Nicolás Zárate, como acostumbra a hacer, construye también su personaje con solidez actoral y belleza sensible. En particular en este trabajo, Zárate sostiene cada uno de sus gestos y movimientos, cada una de las modulaciones de sus acciones y diálogos con inquietante preciosismo, dando cuenta de una capacidad actoral más bien infrecuente en el medio. No necesita sobre actuarse ni recurrir a iluminaciones disparatadas o sostenerse en grandes vestuarios o una escenografía enorme, tan solo actúa muy bien, tan solo está en el escenario totalmente presente a través de su creación, manteniendo la mimesis que ha desarrollado y entregándonos un ser entrañable que, durante los 60 minutos que dura el montaje, no nos deja y que, mucho mejor, aún cuando abandonamos el teatro, nos persigue en el recuerdo de la obsesión que supone el arte y la soledad a la que están condenados algunos creadores.
Y, aún a pesar de lo mencionado, no se trata de actuaciones que inviten a una reflexión romanticista y que nos haga imaginar a un creador como alguien tocado por la luz imposible de las musas, por el contrario, es precisamente la fragilidad, la miseria y la soledad, común, cotidiana, de ambas actuaciones, lo que desarma y nos deja con ese sentimiento dentro para llevarnos a casa.
El diseño escénico de Tamara Figueroa, en este sentido, no hace más que potenciar lo antes descrito. Figueroa compone a partir de la limpieza escénica, con una alta dosis de generosidad, articula un espacio que filtra todo lo ajeno a la propuesta y elabora un lugar idóneo para que sean los actores y el texto, ejecutado, lo que desborde –cuantificadamente- la escena.
Finalmente, quisiera hacer una última observación. Tanto Jesús Urqueta como el teatro San Ginés, han acoplado aquí, un gesto político que me parece extremadamente interesante, el que es, precisamente, llevar a ese teatro esta obra.
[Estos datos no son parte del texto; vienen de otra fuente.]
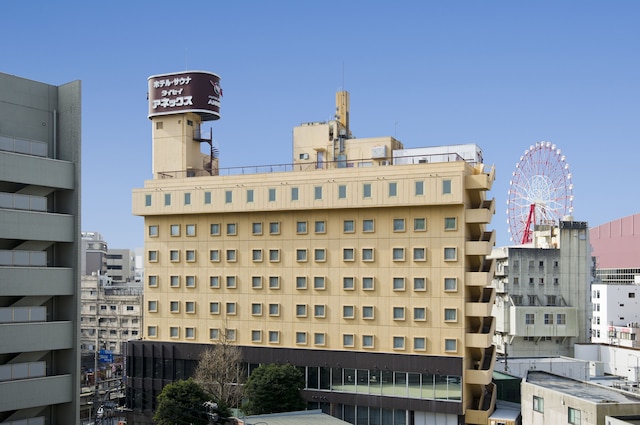 ホテルタイセイアネックス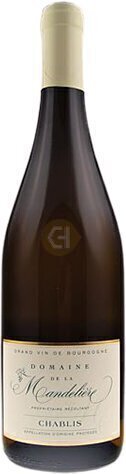 Domaine de la Mandeliere Chablis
El teatro San Ginés, que ha permanecido a través del tiempo sólidamente en pie, siempre se ha caracterizado por una línea editorial que suele conocerse como “comercial”, adjetivo discutible, sin duda, pero que supone cierta marca de uso, entonces, no deja de ser políticamente atractiva la relación “Arpeggione/Teatro San Ginés” en tanto vincula dos mundos (prejuiciadamente) irreconciliables para cierta élite, más bien ideológica que otra cosa, en el acto mismo de generar esta temporada.
“Arpeggione” es un montaje imperdible por múltiples razones: es una obra que abre puertas reflexivas y emocionales (en el caso que puedan separarse), sostenida con pulcritud y belleza y que, además, rescata a uno de los más grandes dramaturgos latinoamericanos de todos los tiempos, se trata, entonces, de una obra que hay que ver.
Arpeggione
Hasta el 21 de julio
En Teatro San Ginés, Mallinkrodt 112, Providencia.